[Provided information Boundary: Start]

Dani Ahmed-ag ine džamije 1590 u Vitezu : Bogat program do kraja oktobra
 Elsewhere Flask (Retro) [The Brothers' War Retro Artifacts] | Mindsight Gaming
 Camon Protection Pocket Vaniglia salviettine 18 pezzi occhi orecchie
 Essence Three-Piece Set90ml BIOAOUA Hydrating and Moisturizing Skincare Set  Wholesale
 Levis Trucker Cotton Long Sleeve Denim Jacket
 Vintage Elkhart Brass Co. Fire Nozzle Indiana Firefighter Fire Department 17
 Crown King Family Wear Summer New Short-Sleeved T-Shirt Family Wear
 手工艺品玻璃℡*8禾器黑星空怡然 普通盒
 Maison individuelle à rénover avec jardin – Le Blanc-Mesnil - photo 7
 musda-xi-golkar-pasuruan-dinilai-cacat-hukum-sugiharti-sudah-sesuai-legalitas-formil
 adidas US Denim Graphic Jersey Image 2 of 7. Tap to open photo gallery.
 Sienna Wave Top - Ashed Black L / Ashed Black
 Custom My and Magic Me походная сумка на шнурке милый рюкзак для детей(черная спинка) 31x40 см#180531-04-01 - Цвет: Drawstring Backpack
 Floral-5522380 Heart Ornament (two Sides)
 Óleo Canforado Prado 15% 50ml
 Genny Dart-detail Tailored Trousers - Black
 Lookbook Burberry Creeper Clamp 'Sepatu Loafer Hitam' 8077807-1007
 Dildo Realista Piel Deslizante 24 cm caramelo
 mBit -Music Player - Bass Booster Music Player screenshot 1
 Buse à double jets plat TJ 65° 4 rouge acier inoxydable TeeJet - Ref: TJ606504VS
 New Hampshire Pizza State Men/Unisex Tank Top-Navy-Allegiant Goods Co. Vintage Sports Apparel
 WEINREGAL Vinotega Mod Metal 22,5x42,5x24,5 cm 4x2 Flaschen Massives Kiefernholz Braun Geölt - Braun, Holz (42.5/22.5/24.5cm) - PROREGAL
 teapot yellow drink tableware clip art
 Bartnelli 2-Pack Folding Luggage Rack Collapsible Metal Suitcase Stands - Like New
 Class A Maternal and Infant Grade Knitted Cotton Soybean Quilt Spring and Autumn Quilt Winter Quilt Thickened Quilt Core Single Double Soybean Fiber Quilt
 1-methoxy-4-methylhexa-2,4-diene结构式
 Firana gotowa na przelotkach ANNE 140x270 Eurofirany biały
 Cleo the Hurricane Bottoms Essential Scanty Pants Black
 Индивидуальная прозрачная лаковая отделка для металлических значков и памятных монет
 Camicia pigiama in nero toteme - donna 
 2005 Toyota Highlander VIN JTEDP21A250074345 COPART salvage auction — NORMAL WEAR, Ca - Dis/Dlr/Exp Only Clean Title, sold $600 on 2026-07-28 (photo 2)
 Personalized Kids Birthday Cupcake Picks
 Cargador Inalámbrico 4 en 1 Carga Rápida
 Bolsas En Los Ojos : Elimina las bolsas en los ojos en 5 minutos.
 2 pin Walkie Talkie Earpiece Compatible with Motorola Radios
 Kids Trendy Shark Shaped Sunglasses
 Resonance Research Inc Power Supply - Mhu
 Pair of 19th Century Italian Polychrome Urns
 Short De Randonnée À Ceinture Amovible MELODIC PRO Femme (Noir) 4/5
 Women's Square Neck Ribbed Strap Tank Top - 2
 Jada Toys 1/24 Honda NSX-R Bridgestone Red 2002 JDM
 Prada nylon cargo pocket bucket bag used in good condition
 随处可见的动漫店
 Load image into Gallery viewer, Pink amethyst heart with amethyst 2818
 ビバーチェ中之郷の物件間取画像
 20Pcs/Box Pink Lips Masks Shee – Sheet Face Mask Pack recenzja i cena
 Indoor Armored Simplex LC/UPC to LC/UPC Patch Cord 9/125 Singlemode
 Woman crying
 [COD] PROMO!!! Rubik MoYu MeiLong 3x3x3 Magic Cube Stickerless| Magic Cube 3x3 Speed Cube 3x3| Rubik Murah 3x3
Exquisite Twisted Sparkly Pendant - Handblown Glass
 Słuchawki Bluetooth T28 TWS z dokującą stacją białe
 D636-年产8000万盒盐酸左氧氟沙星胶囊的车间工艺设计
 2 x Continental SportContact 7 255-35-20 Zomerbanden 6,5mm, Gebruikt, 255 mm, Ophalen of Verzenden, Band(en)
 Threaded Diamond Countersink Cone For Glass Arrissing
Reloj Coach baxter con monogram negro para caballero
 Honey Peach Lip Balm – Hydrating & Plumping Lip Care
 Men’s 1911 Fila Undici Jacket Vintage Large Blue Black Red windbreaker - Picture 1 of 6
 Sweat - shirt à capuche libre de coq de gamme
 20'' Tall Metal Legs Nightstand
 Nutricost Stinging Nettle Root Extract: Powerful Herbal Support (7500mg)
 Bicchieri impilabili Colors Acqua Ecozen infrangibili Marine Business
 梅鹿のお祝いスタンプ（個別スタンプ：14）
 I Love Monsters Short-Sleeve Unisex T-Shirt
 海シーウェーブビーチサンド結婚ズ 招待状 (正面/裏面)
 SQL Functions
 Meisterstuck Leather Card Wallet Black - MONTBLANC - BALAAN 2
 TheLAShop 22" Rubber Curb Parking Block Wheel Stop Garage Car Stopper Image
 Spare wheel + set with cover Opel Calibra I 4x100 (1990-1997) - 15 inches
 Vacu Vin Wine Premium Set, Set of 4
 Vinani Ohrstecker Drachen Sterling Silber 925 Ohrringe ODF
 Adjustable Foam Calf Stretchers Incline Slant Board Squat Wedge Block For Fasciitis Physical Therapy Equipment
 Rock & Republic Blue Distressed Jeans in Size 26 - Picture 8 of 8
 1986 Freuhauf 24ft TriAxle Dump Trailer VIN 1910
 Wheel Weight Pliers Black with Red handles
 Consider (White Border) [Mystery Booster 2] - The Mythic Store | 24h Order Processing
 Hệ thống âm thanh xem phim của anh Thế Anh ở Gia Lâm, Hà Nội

[Provided information Boundary: End]

= Instructions to follow =
Search the entries for the word "Booster" and copy every line that holds it.

= Output of the task =
 mBit -Music Player - Bass Booster Music Player screenshot 1
 Consider (White Border) [Mystery Booster 2] - The Mythic Store | 24h Order Processing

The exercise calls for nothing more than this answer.